> [Work required]: Without the pictures, write the listing out again exactly as it appears.

> [The data]:
====================
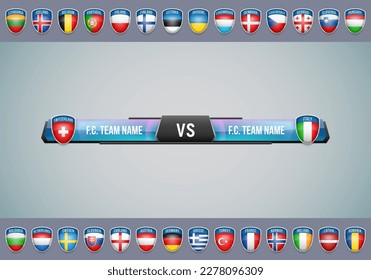 Sport scoreboard with time, logos teams and result display. Vector template for your design.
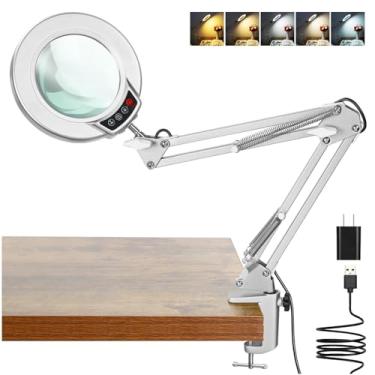 Imagem de Coyeth Lupa 10X Com Luz E Grampo, Suporte De Vidro Real, Lupa Iluminada, 5 Modos De Cor, Lâmpada De Mesa Led Regulável Sem Degraus, Mãos Livres Para Artesanato, Hobby, Leitura, Pintura, Trabalho De
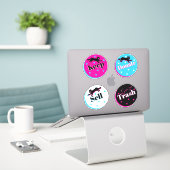 80s Katten Zwarte Roze Geometrische Konmari Organi Sticker (Laptop op bureau)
====================
> [Answer area]:
 Sport scoreboard with time, logos teams and result display. Vector template for your design.
 Imagem de Coyeth Lupa 10X Com Luz E Grampo, Suporte De Vidro Real, Lupa Iluminada, 5 Modos De Cor, Lâmpada De Mesa Led Regulável Sem Degraus, Mãos Livres Para Artesanato, Hobby, Leitura, Pintura, Trabalho De
 80s Katten Zwarte Roze Geometrische Konmari Organi Sticker (Laptop op bureau)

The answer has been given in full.